City of Juneau v. Hixson

373 P.2d 743, 1962 Alas. LEXIS 176
CourtAlaska Supreme Court
DecidedJuly 11, 1962
Docket201
StatusPublished
Cited by6 cases

This text of 373 P.2d 743 (City of Juneau v. Hixson) is published on Counsel Stack Legal Research, covering Alaska Supreme Court primary law. Counsel Stack provides free access to over 12 million legal documents including statutes, case law, regulations, and constitutions.

Bluebook
City of Juneau v. Hixson, 373 P.2d 743, 1962 Alas. LEXIS 176 (Ala. 1962).

Opinion

NESBETT, Chief Justice.

The plaintiff-appellee, a resident and taxpayer of Juneau, Alaska, brought this suit to enjoin the City of Juneau, its mayor and councilmen from issuing and selling one million dollars of general obligation bonds of the city.

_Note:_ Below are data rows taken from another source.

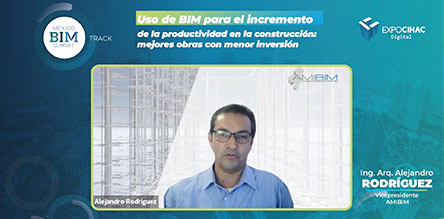 Uso de BIM para el incremento de la productividad en la construcción: mejores obras con menor inversión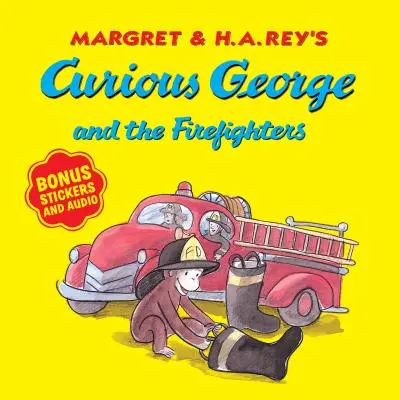 Neugieriger George und die Feuerwehrmänner [Mit Bonus-Stickern und Audio] - Curious George and the Firefighters [With Bonus Stickers and Audio]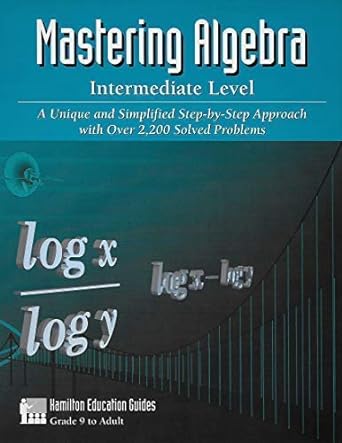 Mastering Algebra Intermediate Level 1st Edition Dan Hamilton 9780964995420
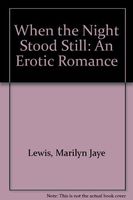 When the Night Stood Still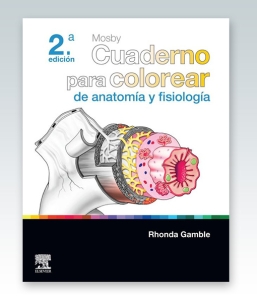 Mosby. Cuaderno para colorear de anatomía y fisiología. 2ª Edición – 2022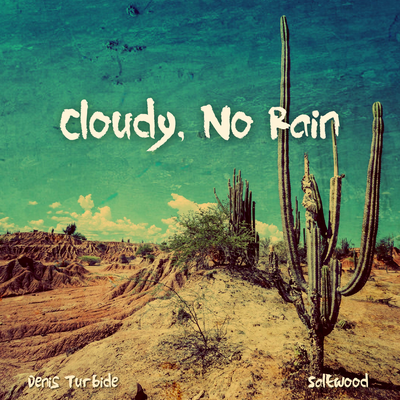 Cloudy, No Rain By Saltwood, Denis Turbide's cover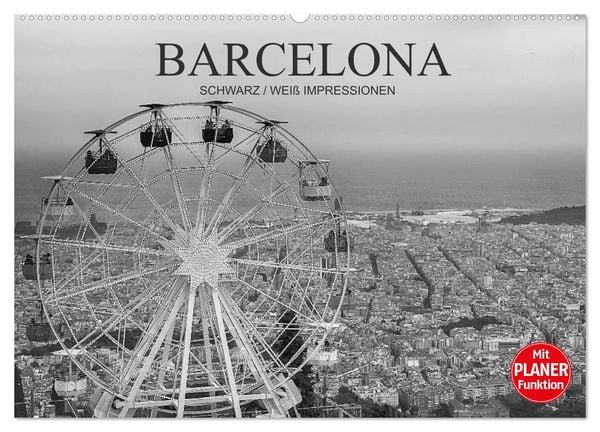 Produktbild: Barcelona Schwarz / Wei&szlig; Impressionen (Wandkalender 2026 DIN A2 quer), CALVENDO Monatskalender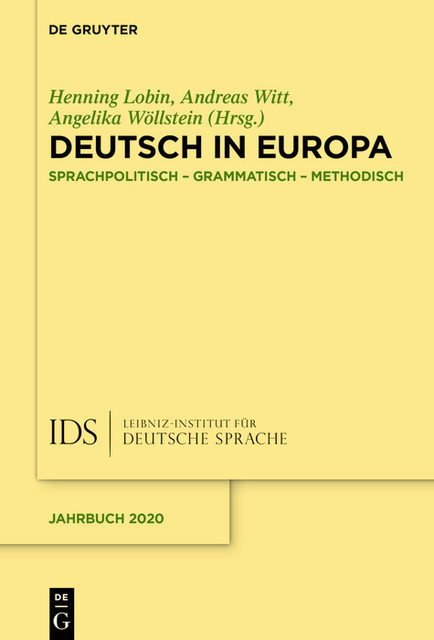 Deutsch in Europa, Andreas Witt, Angelika Wöllstein, Henning Lobin
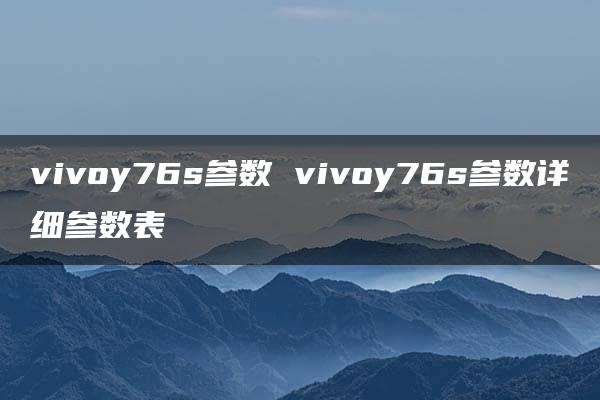 vivoy76s参数 vivoy76s参数详细参数表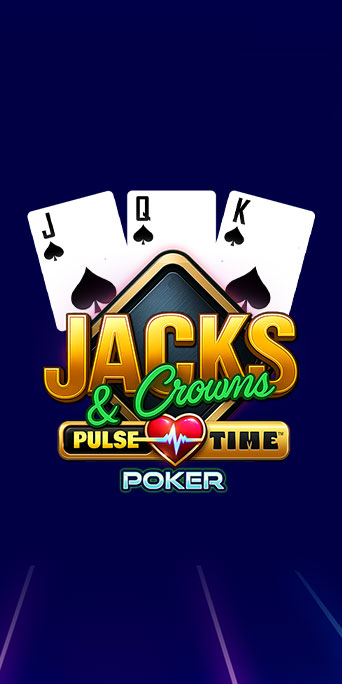 Jacks & Crowns Pulse Time™ Poker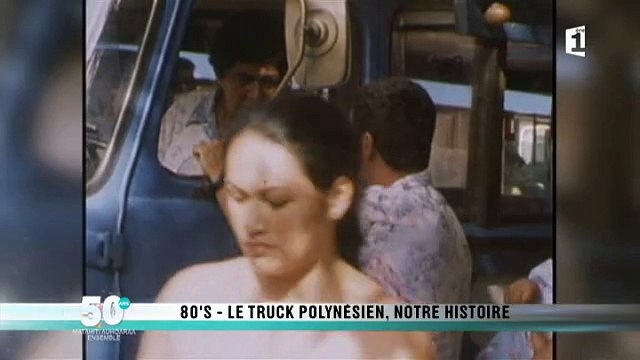Années 80 - Le truck polynésien, notre histoire - Archives Polynésie 1ère n°24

The bond proposal was contained in a resolution passed by the City Council of Juneau on April 21, 1960. The question in the proposal was whether the city should issue its general obligation bonds in an amount not to exceed one million dollars and use the proceeds to improve and acquire approximately seven acres of land within the city and convey such parts of the land to the State of Alaska from time to time, as the state required additional land for the expansion of its capital site. The stated purpose of the proposal was to provide land without cost to the state as a site for its capital which would be con *744 venient in location, adequate in size and practical in operating economy. 1 At a special election held on May 10, 1960, a majority of the qualified electors of the city voting on the proposal, voted in favor of it. On March 2, 1961, the city adopted an ordinance providing for the issuance and sale of one million dollars of general obligation bonds. As security for the redemption of the bonds the ordinance pledged a percentage of the revenue from the city’s retail sales tax and in the event of a deficiency of revenue from that source, then from ad valorem taxes upon all the taxable property within the city.

The trial court enjoined the issuance and sale of the bonds on the grounds that the funds realized therefrom were not to be used for: (1) a “public purpose” within the meaning of that term in article IX, section 6 of the Alaska Constitution, 2 and (2) “capital improvements” within the meaning of article IX, section 9 of the Alaska Constitution. 3 In its memorandum decision the trial court recognized that the city had approved a home rule charter which became effective on October 15, 1960, which was after the special election of May 10, 1960, when the bond proposal was approved by the electors, but before approval of the ordinance authorizing the issuance of the bonds on March 2, 1961. The decision held that the constitutional limitations had the same meaning when applied to a home rule city as when applied to a general law city and operated with equal restraint on both.

We shall decide this case solely on the constitutional question of whether or not the bond issue was for a capital improvement.

The city argues that the contracting of a debt by it to acquire land to donate to the state for its capital is a capital improvement within the meaning of article IX, section 9 because the land would constitute a permanent investment by the residents of the city which would substantially increase the economic worth of the community and directly improve the welfare and prosperity of its residents.

In opposition appellee argues that a capital improvement is a physical improvement or betterment which results in the creation of depreciable physical assets such as sewer systems, water systems, city halls, schools and the like, which are of value to the taxpayer who finances them; that the use of the term envisages that after creation of tire capital improvement, title will remain in the financing authority or a full public use of the improvement will accrue to that authority. Appellee emphasizes that the objective of the bond issue is to persuade the state that it would be to its best interests to not move the capital away from Juneau; that the state has not committed itself one way or the other with respect to the city’s plan to offer to donate the land; that the city has no power of eminent domain to acquire the land from the various private *745 owners for other than its own use; that as soon as the bonds are sold huge interest payments will commence to accrue; that many other contingencies lie in the way of realizing the objective of the bond issue and that even if the objective were realized, the taxpayers of Juneau would have nothing more than they already have.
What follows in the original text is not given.